● Activity
Could you transcribe all of the data exactly and skip any pictures?

[[ Data for this task, beginning ]]

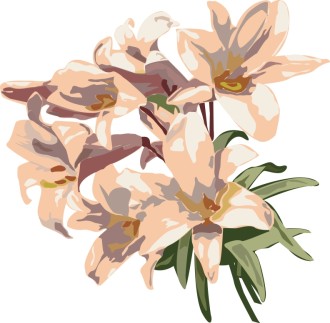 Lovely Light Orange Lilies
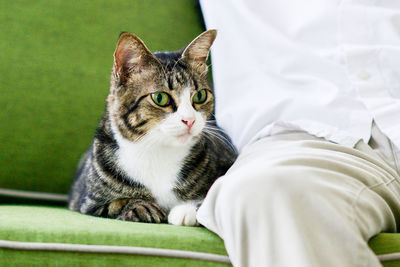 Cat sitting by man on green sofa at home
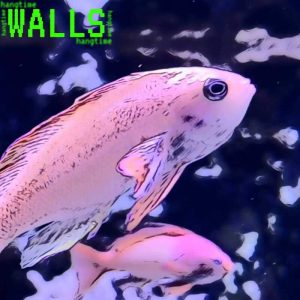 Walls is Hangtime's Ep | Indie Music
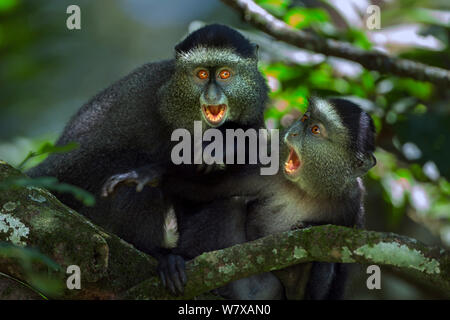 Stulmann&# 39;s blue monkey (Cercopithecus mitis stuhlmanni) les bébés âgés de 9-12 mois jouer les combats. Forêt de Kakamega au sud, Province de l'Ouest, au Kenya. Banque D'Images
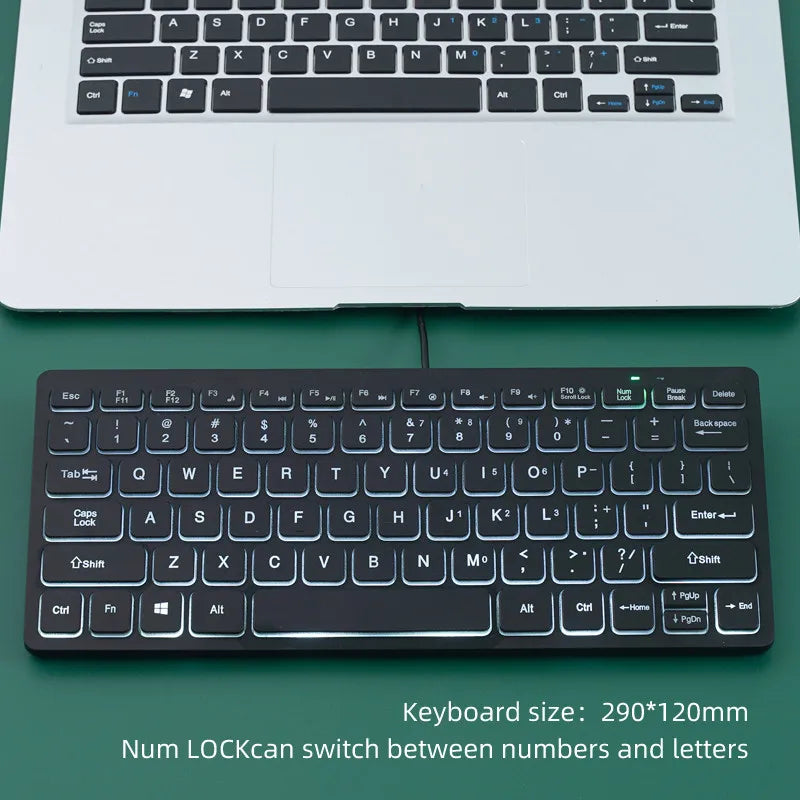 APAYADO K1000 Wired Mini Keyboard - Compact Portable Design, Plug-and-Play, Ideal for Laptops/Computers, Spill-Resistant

[[ Data for this task, end ]]

● Task output
 Lovely Light Orange Lilies
 Cat sitting by man on green sofa at home
 Walls is Hangtime's Ep | Indie Music
 Stulmann&# 39;s blue monkey (Cercopithecus mitis stuhlmanni) les bébés âgés de 9-12 mois jouer les combats. Forêt de Kakamega au sud, Province de l'Ouest, au Kenya. Banque D'Images
 APAYADO K1000 Wired Mini Keyboard - Compact Portable Design, Plug-and-Play, Ideal for Laptops/Computers, Spill-Resistant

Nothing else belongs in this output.